This last week has been a good time of reflection and commemoration. Two significant days on Monday nd Tuesday saw me involved in ceremonies that commemorated Australia’s military involvement in conflicts that have kept ua, and the world, safe and free.
Monday (April 24) was the 105th anniversary of the liberation of the French village of Villers Bretonneux during WW1. The commemoration group to which I belong, ‘The Friends of the 15th Brigade’, held a service in the grounds of Melbourne’s Shrine of Remembrance to commemorate this event. It was attended by around seventy people including the French Consul, descendants of those who fought to liberate this village (my grandfather) and the entire sixth grade class of children from the tiny Strathewen Primary School who have an ongoing close relationship with their peers in the Victoria School at Villers Bretonneux.
The background to this action is this. In March 1918, the Germans launched a major offensive to take the strategic town of Amiens. As the Germans moved westwards towards their goal, they captured Villers-Bretonneux on 23 April. The British high command feared that if the Germans moved on to take Amiens, the war would be lost. The job of retaking Villers-Bretonneux was assigned to two Australian brigades. (We have visited this area and I know the environment well.)
The plan was to encircle and trap the Germans. There would be no preliminary bombardment. Instead the Australians would launch a surprise attack at night. Two battalions would begin the assault from the south towards the east of Villers-Bretonneux while three battalions would attack from the north at the same time.

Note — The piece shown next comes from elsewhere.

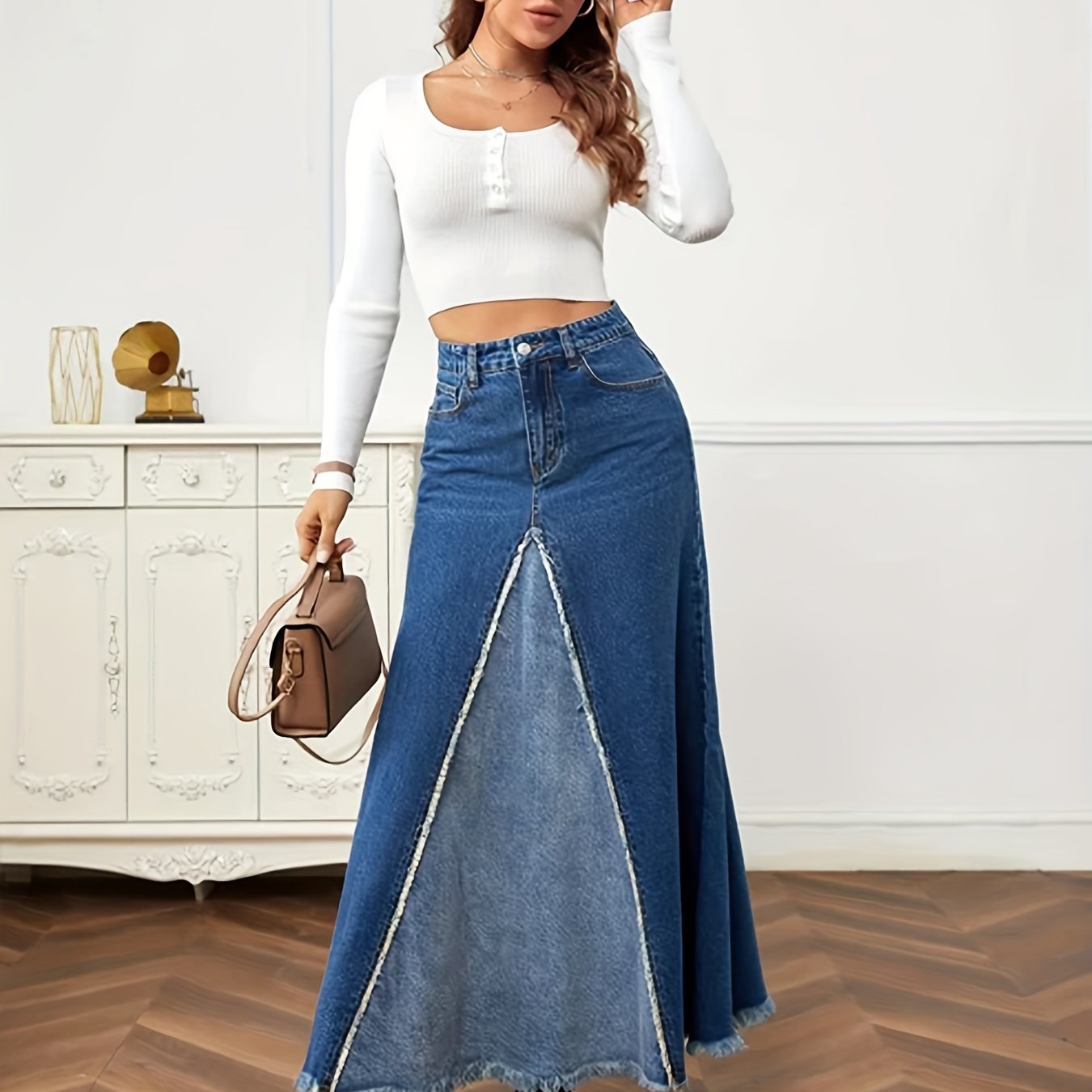 xieyinshe Two Tone Patchwork Denim Midi Skirt, Frayed Hem Slant Pockets Chic Denim Skirt, Women's Denim Clothing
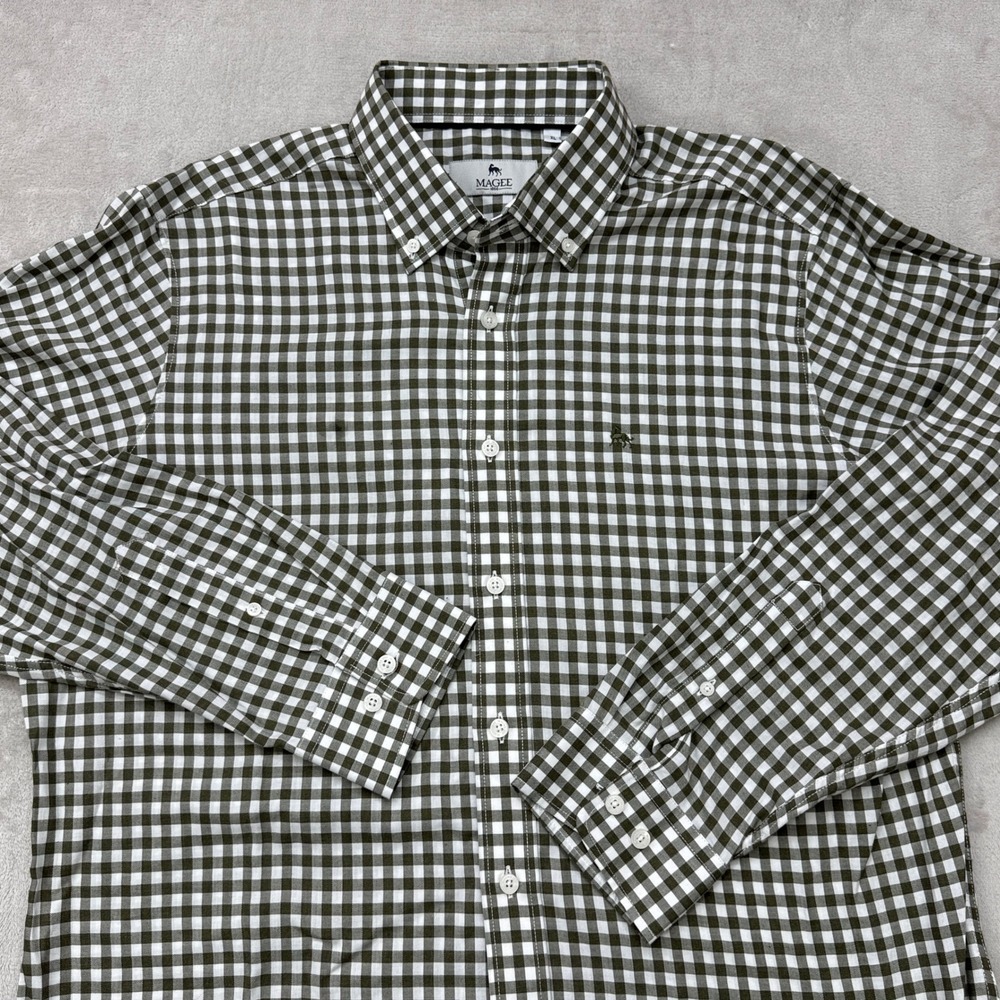 Magee 1866 Button Down Shirt Men XL Olive Green Gingham Check Cotton Long Sleeve - Picture 2 of 9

The assault began at 10pm on 24 April. It was a do-or-die attack. The diggers took out the German machine guns then fought the enemy in a ferocious house-to-house confrontation. One German officer later wrote that the Australians ‘were magnificent, nothing seemed to stop them. When our fire was heaviest, they just disappeared in shell holes and came up as soon as it slackened.’
By dawn on 25 April, exactly three years after the Anzacs stormed ashore at Gallipoli, the Australians had broken through the German positions and the French and Australian flags were raised over Villers-Bretonneux. It took the rest of the day and into the next to secure the town. But secure it they did and the Anzacs established a new front line, marking the end of the German offensive on the Somme. A British General called the Anzac attack ‘perhaps the greatest individual feat of the war’.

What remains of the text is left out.